I also had a little too much fun with this photo app on the last day of the year. Life’s a long and difficult journey so sometimes you just need to let loose and have a little fun. Smile, laugh, cry, be crazy and just be silly. Don’t take yourself too seriously. Just be yourself and no one else or someone else who you pretend to be.
And now on to the non-edited and exaggerated original photos I took. XD
For me, 2017 has been a very tough year and possibly the toughest year in my life so far. I’ve changed jobs 3 times. I have also ventured out of my comfort zone to try new experiences and take on new career opportunities. I have failed and I have also succeeded but I’ve learned life isn’t all about success. My failures have only made me a stronger person and help build the person I am today.

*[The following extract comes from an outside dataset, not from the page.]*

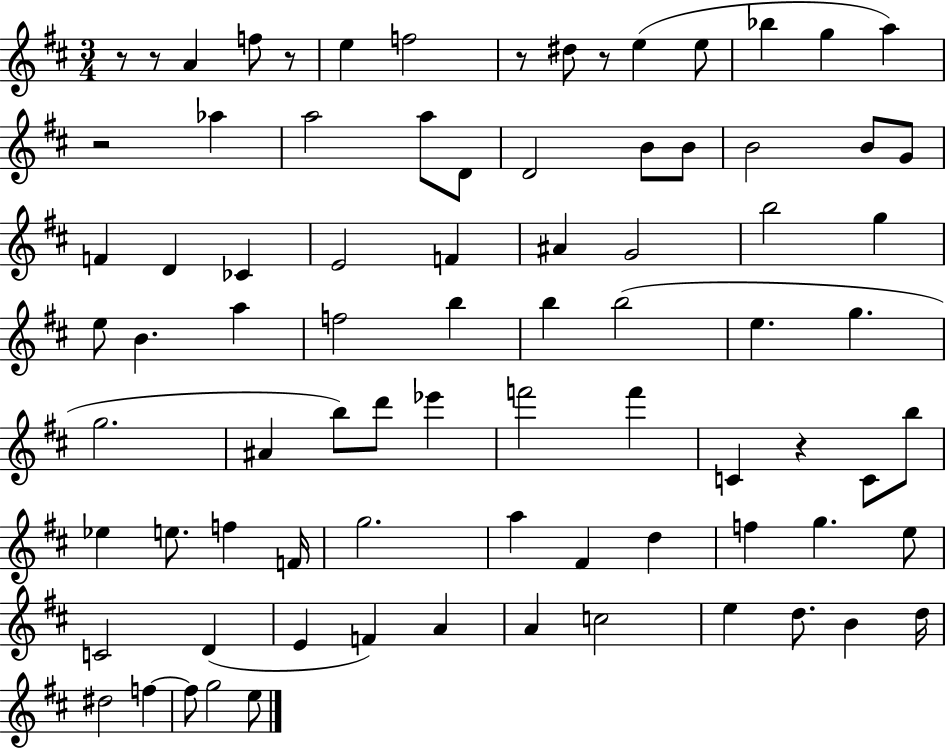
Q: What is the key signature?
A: D major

It was a year of self growth and personal development for me and I’ve learned so much about myself that I’ve never discovered before. I’m grateful for these challenges I went through in 2017 as they have made me realize my strengths and weaknesses and most importantly to see a side of me I never knew existed. For all these years, I’ve build walls to keep people from knowing the real me. And for a long time I believe this wall protected me, not knowing that it was preventing me from building relationships with others, as well as building a relationship with myself. At times I felt so lost because I didn’t even know who I truly was anymore and when I realized a part of me (who I was once familiar with) has gone and disappeared, it made me feel so lonely and depressed. I wanted to search for her and reunite her back to my life but it felt like such a difficult thing to do. But despite all that, I want to move forward in 2018 with new challenges, new experiences, new dreams and goals. And maybe I don’t need to look for the part of me that’s missing because there’s a better me waiting to be discovered in 2018. I will look forward to meeting her and making 2018 a better and happier year! =)

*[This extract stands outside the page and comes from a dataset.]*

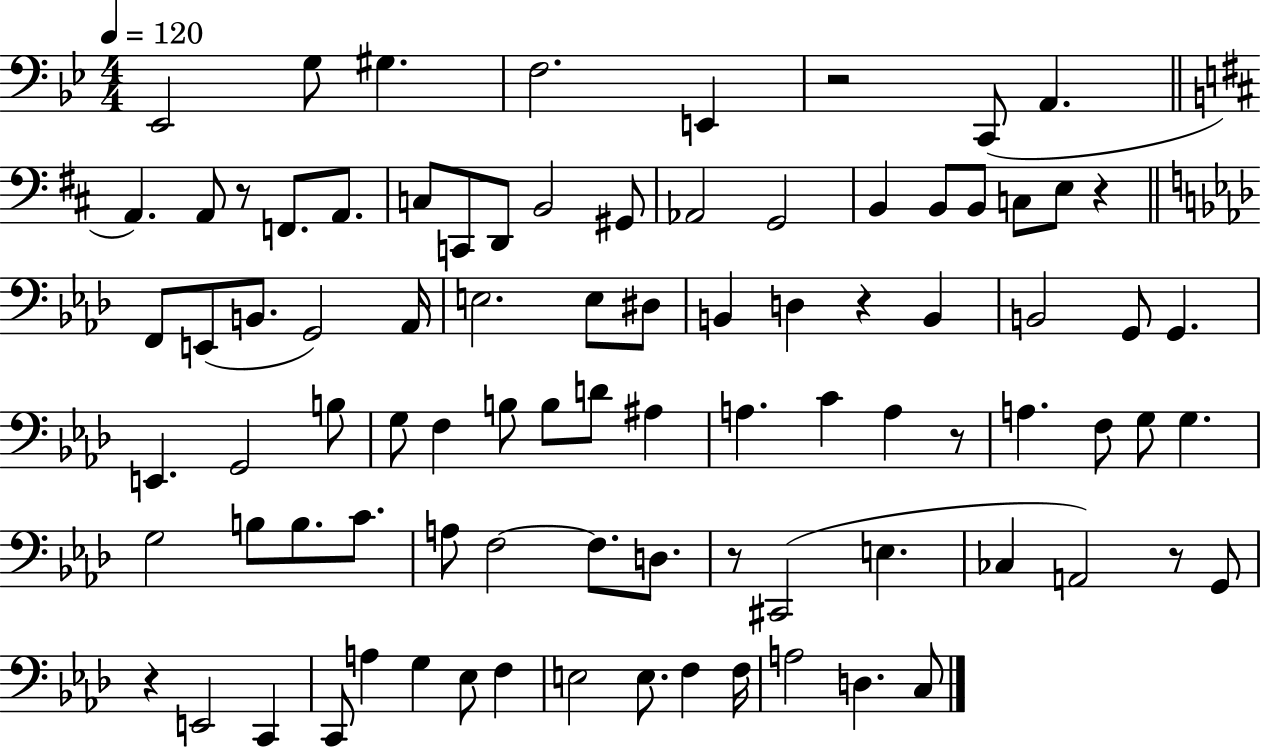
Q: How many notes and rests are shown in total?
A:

Note: I coloured my hair blonde again after a very long time. It turned out much more blonde than I have wanted it to be. I wanted a new change for the New Year. One of my coworkers told me I look like Sailor Venus with my blonde hair. LOL! Sailor Venus is actually my favourite sailor soldier and I do think I quite resemble her (in appearance wise) given I have really long hair like her. It has also been exactly a year since I’ve last taken a selfie. For a moment I don’t even remember how to take a selfie or smile in front of the camera. That’s something I hope to change in the year of 2018.